Lets start with the basics. Obviously, a beautiful clear, deep blue sky makes for a good backdrop for many subjects but can be rather dull by itself, as can a completely gray overcast sky. Now start adding fluffy white cumulus clouds and it starts getting more interesting, but it is only the beginning of the many opportunities the sky can provide for unique and pleasing photos.

Take fair weather cirrus and stratus clouds for instance. Their thinner and more spread out nature can provide a completely different look for your photo. Even at mid-day the sky can be gorgeous. For example an approaching thundershower can be striking with the billowing and ever changing shapes and textures, and bright white color as it approaches. It is like a mountain-canyon vista in the sky, and is easily captured compared to other faster moving, unpredictable subject matter. And you will have no problem capturing multiple, unique shots of the storm before it moves off or overhead because of its continual morphing of shapes and colors. Also some clear skies around the storm can add to its magnificence and enhance your image.

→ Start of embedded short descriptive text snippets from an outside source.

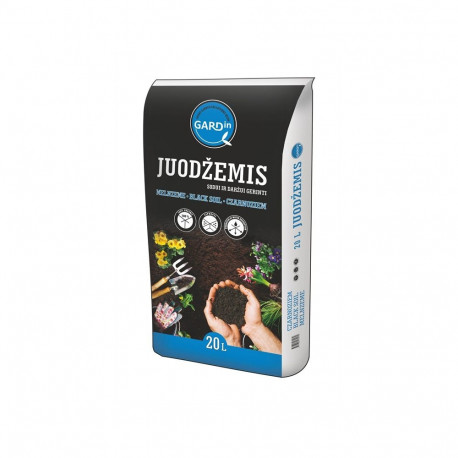 Must Gardin muld 20L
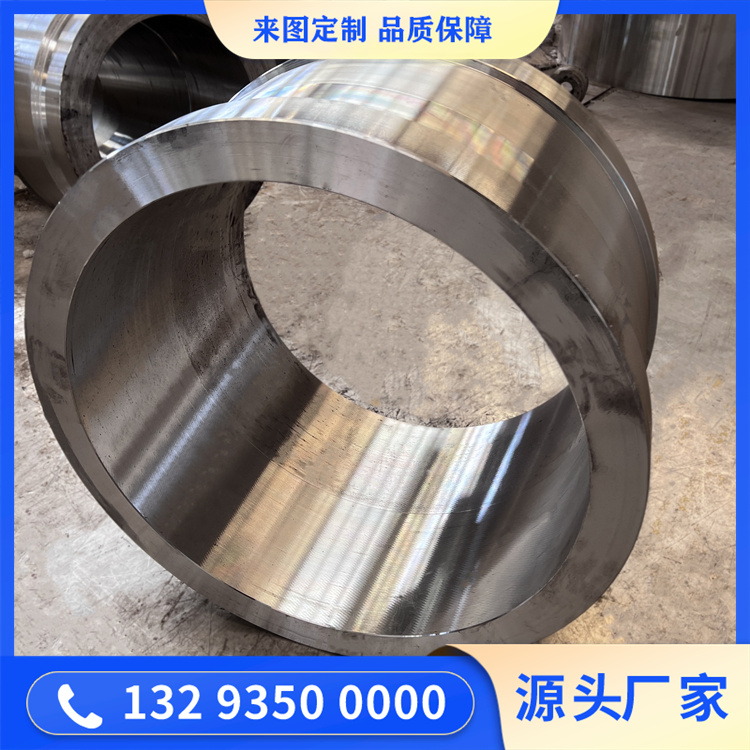 優質主鉤擺動滑輪鋼套鍛件背后的經濟效益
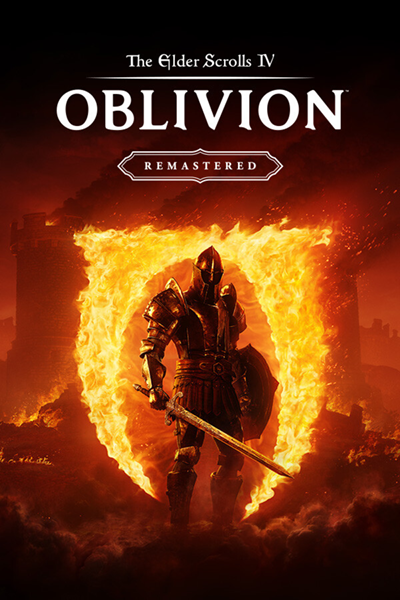 The Elder Scrolls IV: Oblivion Remastered [v 1.512.105.0 + DLCs] (2025) PC | RePack by Wanterlude
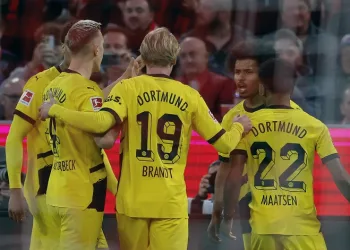 Borussia Dortmund, 10 yıl sonra deplasmanda Bayern Münih’i devirdi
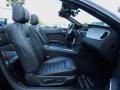 Ford Mustang V6 Premium Convertible Black photo #17
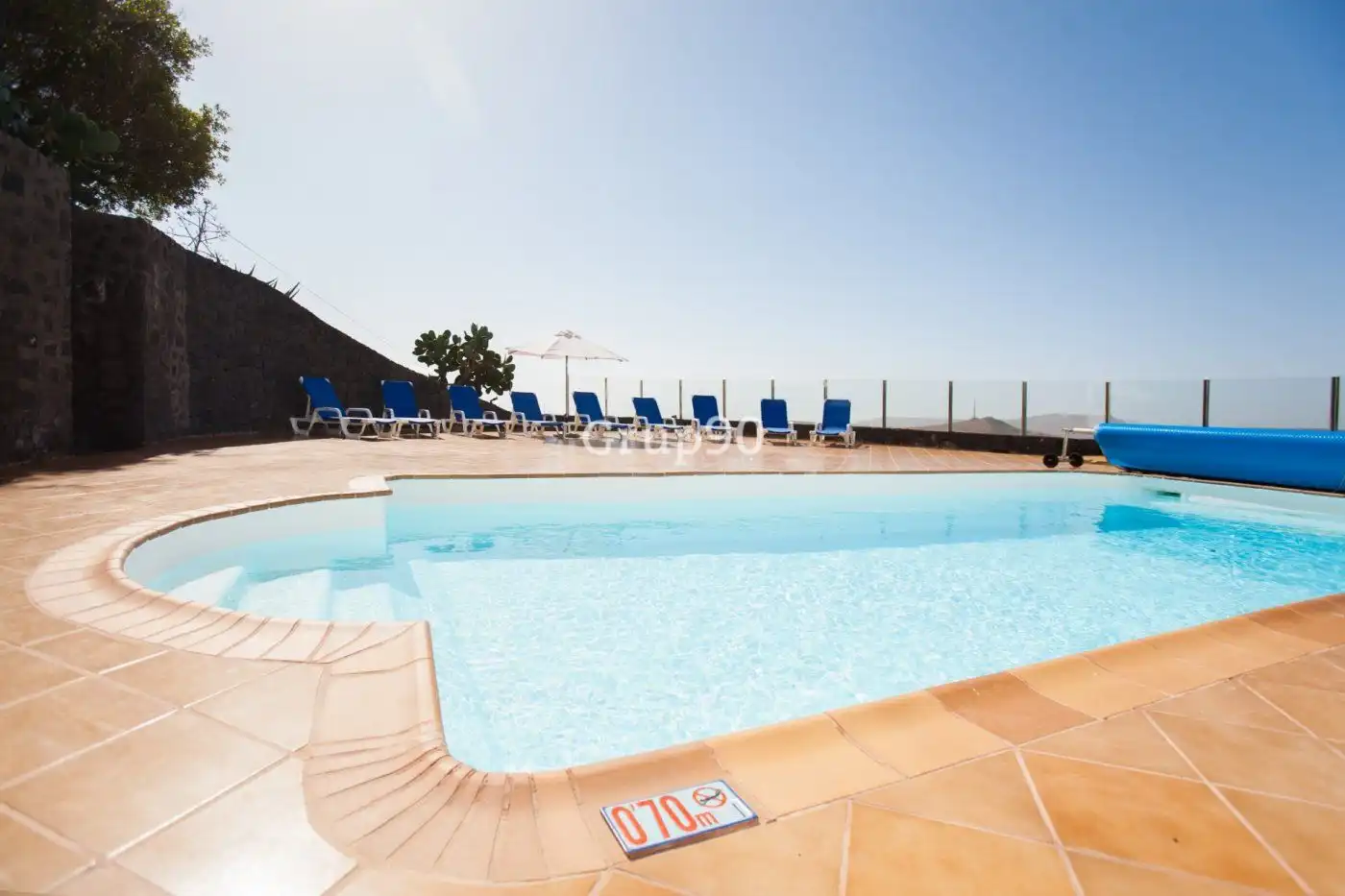 Piscina de Casa o chalet en venta en Teguise con Piscina y Jacuzzi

Using a digital camera for capturing mid-day storms is easy since auto mode frequently works well at adjusting the cameras ISO setting (light sensitivity), preventing overexposure of the clouds white colors and preserving the definition of their many shapes and edges. Some cameras may not do this as well as others, so manually adjusting the ISO setting may be required for best results.

Always remember when taking full sky-scape shots to have a clean sky, meaning nothing obscuring the view such as trees, buildings, power lines, etc. Of course those objects can work great in their own compositions, but at the moment we are concentrating on that big empty space overhead.

how to take photos of the sky

Photo captured by dan2452 (Click Image to See More From dan2452)

Dusk and dawn sky shots are definitely the most colorful and one of my favorites. Sure, clear sunrises and sunsets are nice, but by far the best is when you have high, wispy, cirrus clouds, and mid level stratus to reflect the suns beautiful and ever changing colors as it rises or sets. Lower puffers or cumulus can add some nice contrast as long as they do not block the view of the higher ones which reflect most of the colors. All this is most easily captured over water or a flat landscape with no obstructions. A water vista often works best because of the additional color reflections.

I have found that the deepest reds and purples are from about 15-20 minutes before sunrise and after sunset, with the oranges and yellows occurring shortly before rise and set. Of course a vertically building cumulus cloud will reflect stunning colors as well during these times. I have seen large cumulus and stratus clouds light the area up like you were in a giant red, pink, or orange room, then fade away as the suns rays leaves them and hit the higher clouds.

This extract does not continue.